→ WHAT TO PRODUCE: Set down exactly the lines from the first line of the records through the line that contains "12月初一是什么星座，农历12月初一是什么星座", and leave every picture out.

→ DATA TO PROCESS:
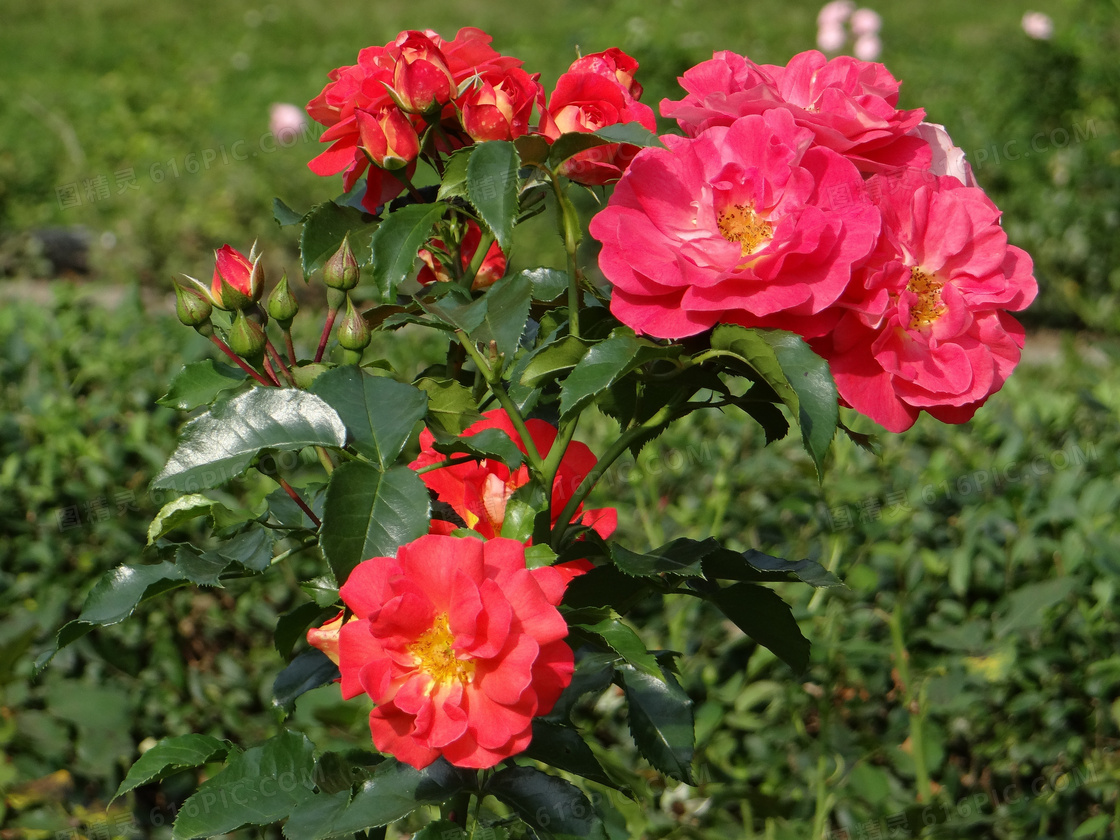 花園盛開紅色玫瑰花圖片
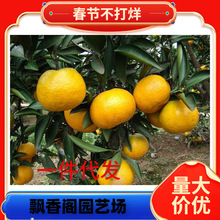 һ�����l�޽�������ɳ�����Ә���o�������ϱ����NֲͥԺ���Ե���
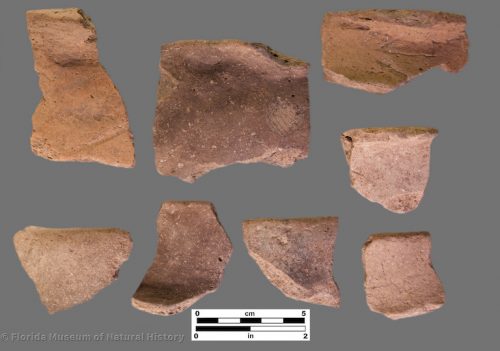 8 rim sherds of plain shell tempered pottery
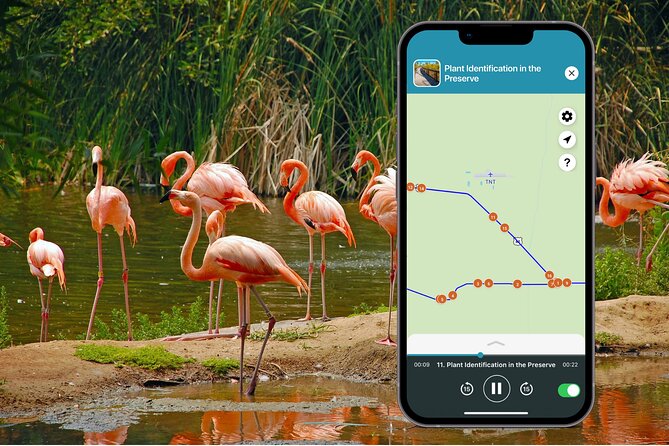 Big Cypress National Preserve Audio Tour Guide - Shark Valley and the Miccosukee Indian Village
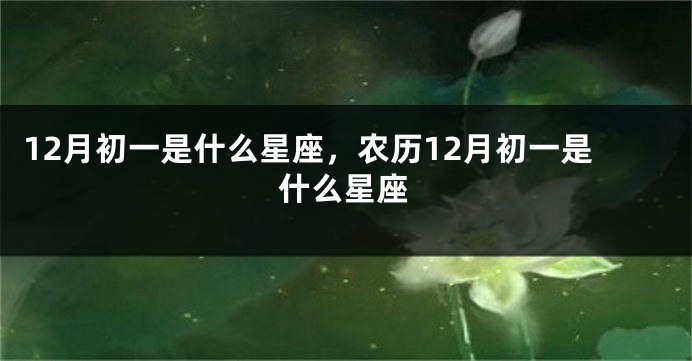 12月初一是什么星座，农历12月初一是什么星座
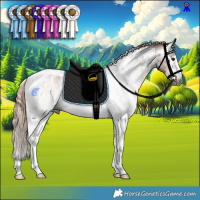 Horse Color:Gray Liver Red Dun Sabino Tobiano Rabicano and Gray Liver Red Dun Sabino Tobiano Rabicano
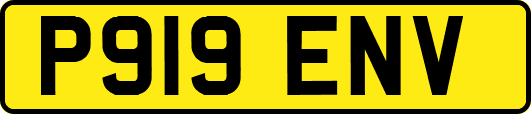 P919ENV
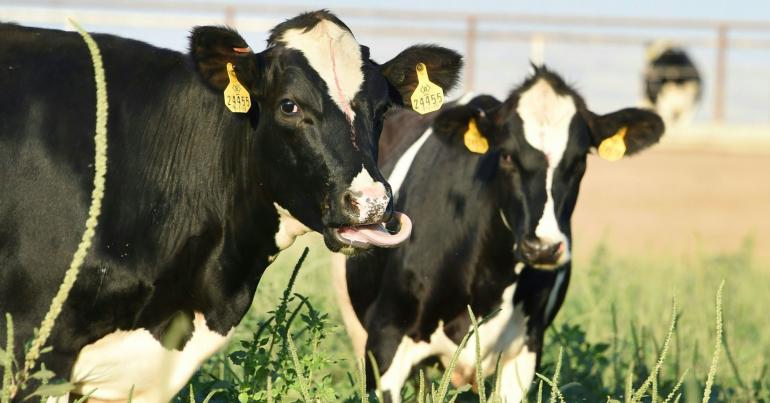 US farmers could take a significant hit from Trump's tariffs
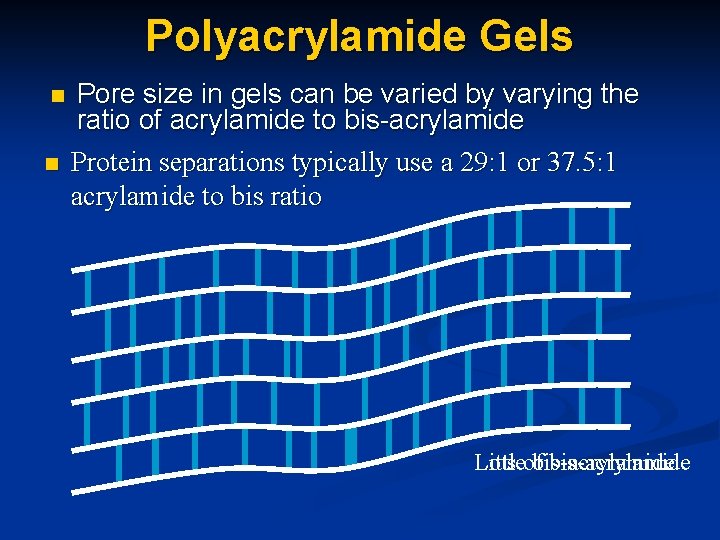 Polyacrylamide Gels n n Pore size in gels can be varied by varying the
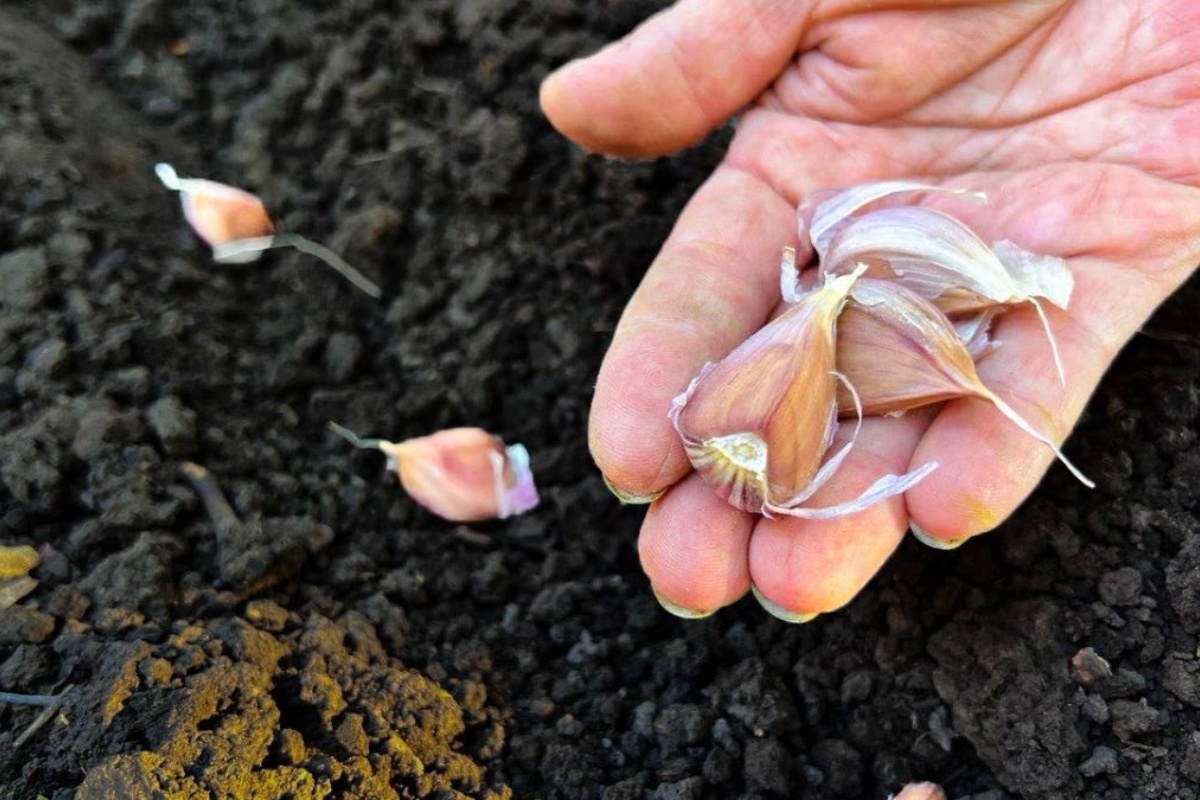 Tri načina kako češnjakom zaštititi vrt i unijeti prirodnu ravnotežu u svoj dom detail 2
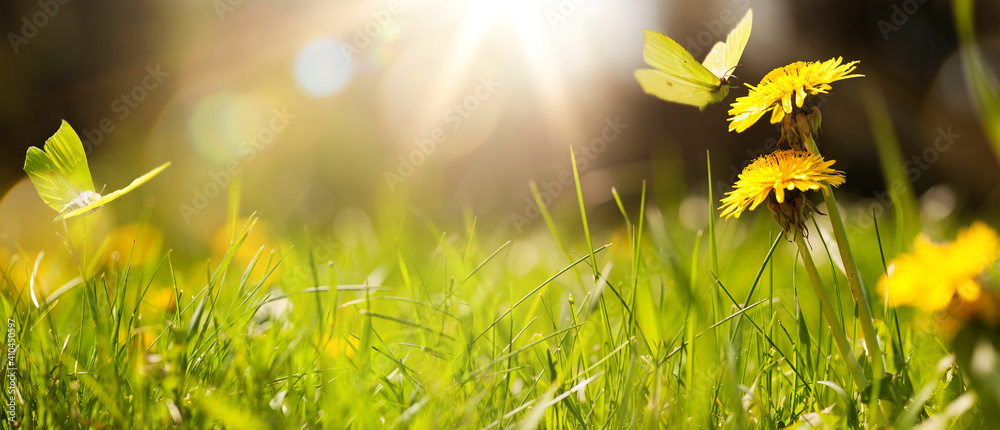 art abstract spring background or summer background with fresh grass - obrazy, fototapety, plakaty 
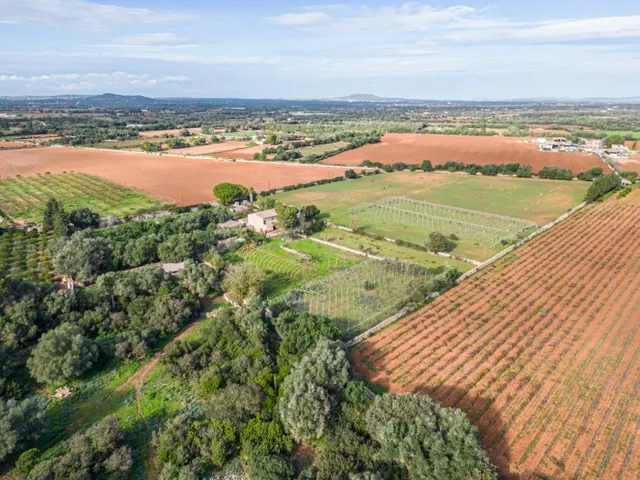 Magnifica finca rústica en la zona de Porreres. - foto 3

→ FINISHED TASK:
 花園盛開紅色玫瑰花圖片
 һ�����l�޽�������ɳ�����Ә���o�������ϱ����NֲͥԺ���Ե���
 8 rim sherds of plain shell tempered pottery
 Big Cypress National Preserve Audio Tour Guide - Shark Valley and the Miccosukee Indian Village
 12月初一是什么星座，农历12月初一是什么星座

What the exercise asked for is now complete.